Des estimations pulvérisées

Non seulement la cote de Kupka augmente nettement dans les années 2010, mais elle s’emballe depuis la mégaexposition de 2018 au Grand Palais, présentée ensuite à Prague et Helsinki. Devenu un grand nom de la peinture, Kupka surprend les salles de vente. Si ses tableaux figuratifs demeurent sensiblement moins cotés que ses toiles abstraites, ils réalisent tout de même un bond spectaculaire. Ainsi, en décembre 2019 à Alençon, un pastel illustrant un conte traditionnel tchèque, Horymir, est estimé entre 12 000 et 15 000 euros. Il dépasse finalement 51 000 !

František Kupka, Le cheval blanc, la chapelle Sainte-Anne devant la mer, Trégastel, 1909.

Depuis 2020, dans un contexte économique morose, le marché de l’art a perdu 21% de chiffre d’affaires selon Artprice. Pourtant l’oeuvre de Kupka n’en finit pas de séduire les acheteurs. Le 15 mars dernier à Rennes, Le Cheval blanc, la chapelle Sainte-Anne devant la mer, Trégastel (1909) est vendu 630 000 euros, plus du double de l’estimation haute. On ignore encore qui l’a acquise, mais on sait que la toile avait été achetée en 1994 par un collectionneur privé pour l’équivalent de 6500 euros.
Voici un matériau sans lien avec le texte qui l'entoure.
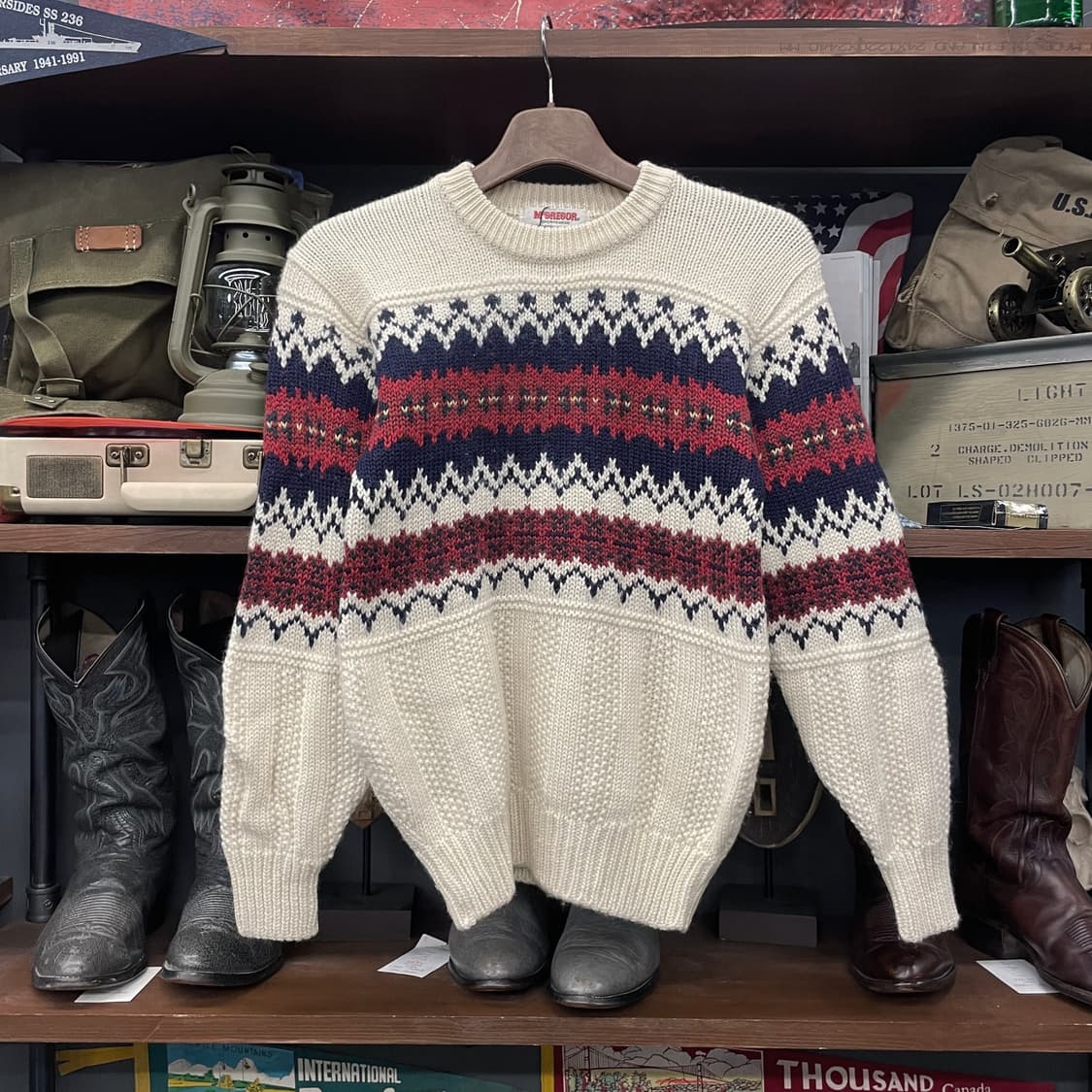 90s 맥그리거 패턴 케이블 라운드 넥 니트 스웨터 상품이미지1
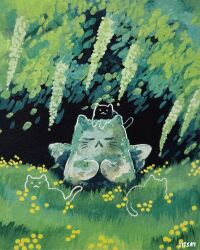  :< animal animal_focus artist_name boulder carving cat cat_loaf flower foliage ghost gouache_(medium) grass highres leaf moss multiple_cats nature no_humans on_rock original outdoors painting_(medium) plant rock signature sitting titsay traditional_media tree willow yellow_flower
Pour acquérir un Kupka abstrait, le budget se compte en millions. Dès 2016, à Prague, un tableau de la Série C de 1935 devient l’oeuvre d’art tchèque la plus chère de l’histoire, à 2,3 millions d’euros – battue plusieurs fois depuis, notamment par La Dame de Pique (1926) de la peintre surréaliste Toyen alias Marie Čermínová. À la surprise des experts, Kupka reprend la tête des cotations pragoises fin 2020 avec Divertimento II (années 1930) qui approche des 3,5 millions d’euros.

La colorée, 1919-1920
Un peintre cher mais pas encore une star

C’est à Londres en 2021 que la cote de Kupka s’envole vraiment. Le 25 mars, le bien nommé Le Jaillissement II (1922-1923) est adjugé à 7,5 millions de livres (8,6 millions d’euros), soit le triple de l’estimation haute ! Pourtant, le prix ne choque pas les spécialistes et l’acheteur est d’ailleurs conseillé pendant la vente par une experte de Sotheby’s, Tessa Kostrzewa qui accompagne les enchères millionnaires de Kupka depuis dix ans.

Si les prix atteints par Kupka semblent importants et dépassent Klee ou Robert Delaunay, il convient tout de même de les relativiser face aux 50 millions de dollars atteints par Mondrian en 2015. De manière générale, si Kupka tient désormais une place importante parmi les grands peintres modernes européens, il reste très loin des méga-stars les plus cotées, dont certaines oeuvres dépassent les 300 millions, comme pour Cézanne ou De Kooning.